La iluminación tenebrista de Judith Greenwood aísla y atrapa a cada personaje en un charco de luz sucia: es la primera vez que veo a unos actores conectarse con tanta intensidad y a tanta distancia. El espacio de Nick Ormerod, que reproduce con minuciosidad maniática la sala de ensayos del grupo, es tan sorprendente como adecuado. Los actores entran llevando unas sillas rojas, se sientan, y sin más preámbulos nos encontramos en la catedral de Alicante, donde Alsemero perderá la cabeza por Beatrice-Joanna. Luego, la conjunción de tiniebla y desnudez escénica establecerá un territorio abstracto, la caverna sin límites del inconsciente expandido, una marea pringosa de la que nadie escapa. Lo más extraño, lo más inquietante, por su sencillez, está en el centro y al fondo.

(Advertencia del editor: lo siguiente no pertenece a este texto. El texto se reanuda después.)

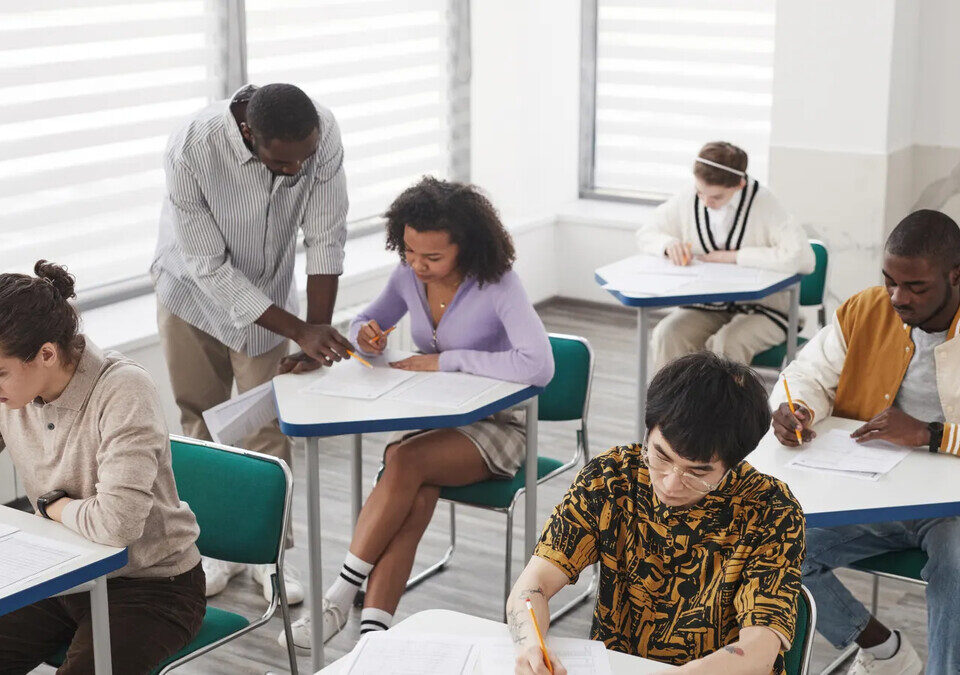 Estudantes fazendo prova em sala de aula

La puerta de un ascensor. La pequeña pantalla de un circuito cerrado. Un panel de llaves, una mesa y una lamparita de despacho, casi búlgaras. Un lavabo, irónicamente insuficiente para lavar toda la sangre que se va a verter. Podría ser el rincón de un vigilante nocturno, un ascensor hacia el infierno o hacia una sala de autopsias, porque eso es lo que vamos a ver: la autopsia de una pulsión fatal. Donnellan & Ormerod escalpelan la opulencia barroca para ir al hueso de ese malestar irrefrenable. Sus instrumentos quirúrgicos son una compañía extraordinaria, y la luz, y el espacio, y la alucinatoria banda sonora: lejanos cánticos de iglesia, burbujeos negros que parecen ascender de un pozo sin fondo, y, en mitad de un silencio absoluto, el crujido de un dedo, prenda de amor, al ser amputado con unas tijeras.